これは一面として、大阪都構想の先取りになるもので、大阪都構想が頓挫した場合も、大阪府の影響力強化の成果を残すものです。
この事業統合は、ケースにもよりますが、基本としては、市の事業を、市民の利益よりも大阪府全体の利益のために活用する体制へ移管し、維持経費だけは今まで通り(または今まで以上に)市へ負担を求める内容になると思われるので、市民の利益に反する場合も多く出てくると思われます。
市議会での対立する場面も、出てくるかもしれません。
区役所業務の強化についてです。
これも、ひとつには大阪都構想実現後の特別区の先取りとして、推進しようとされると思われます。
もうひとつ、橋下氏の場合、基礎自治体業務の責任者になって関わり合いになるのは、避けたいのかなと思われるので、身代わりになる責任者を作る意味でも重要です。
橋下氏としては、こんなこと、来年度にもすぐに始めたいでしょうし、3年半後に実現するとしている大阪都構想のプレ版なら、来年度(遅くても2年後)には始めないと意味がなくなります。

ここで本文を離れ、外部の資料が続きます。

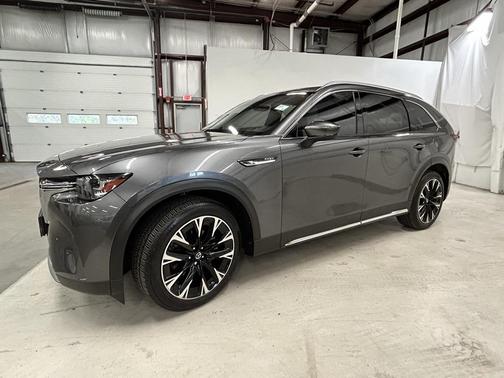 2024 Mazda CX-90 PHEV Premium
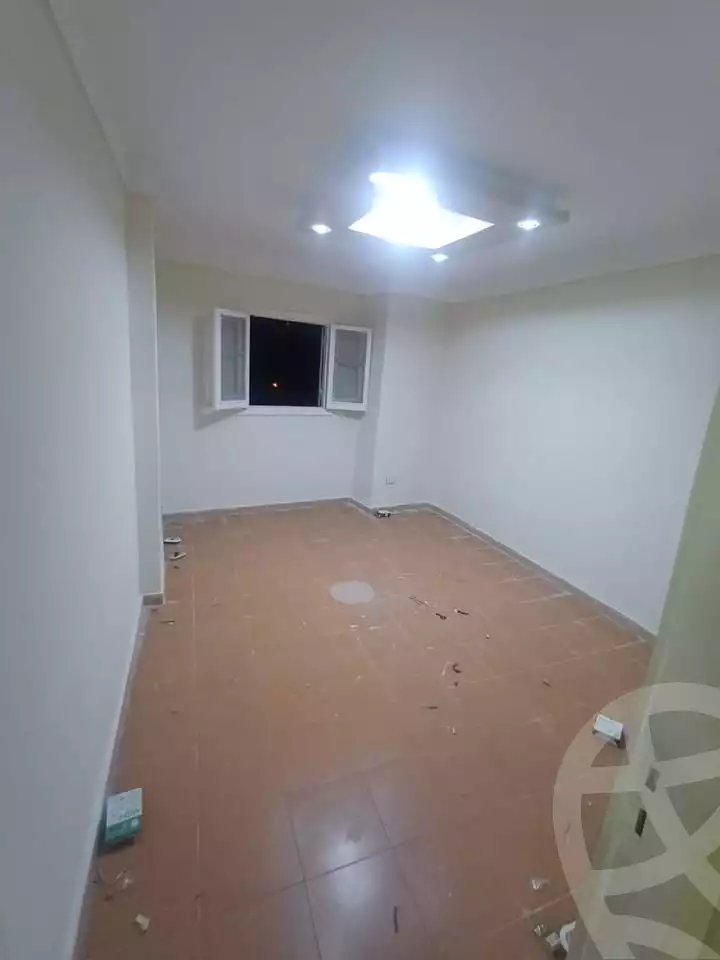 https://aqarmap.com.eg/en/listing/6447081-for-sale-alexandria-el-asafra-salman-el-farsi-st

けれども、現在、市役所と区役所が一体で行っている業務(あるいは市役所だけで行っている業務)を、ちゃんと区長の下で行えるようにしようとすれば、3〜4年で実施できるか分からない程度には、時間も費用もかかります。
3年半後には終了する期間限定として、区長が基礎自治体業務の責任者となれるような体制を作ることは、現実的には無理があります。
そのため、名目的には、区長の権限強化を高らかに謳いますが、現実との乖離・衝突はかなり大きいものになると思われます。そういった制度の中途半端さから発生する衝突・問題も、政令市制度の問題だとすり替えの宣伝が行われると思いますが。
最後に、大阪都構想後に、特別区の基礎自治体業務は、中核市レベルに移行するとしているので、真っ当に考えると、これを先取りしながら、徐々に中核市レベルの行政サービスレベルへ移行していくはずですが、この点は、大阪都が実現するまでやらないんじゃないのかなと思っています。
橋下氏にとって、これから、大阪都移行が決定するまでの2〜3年の期間は、ずっと選挙期間が続いているようなものです。
実質的な住民サービスの切り下げになるようなことは、大阪都移行が決まるまでは、なるべく市民に知らせたくはないでしょうから。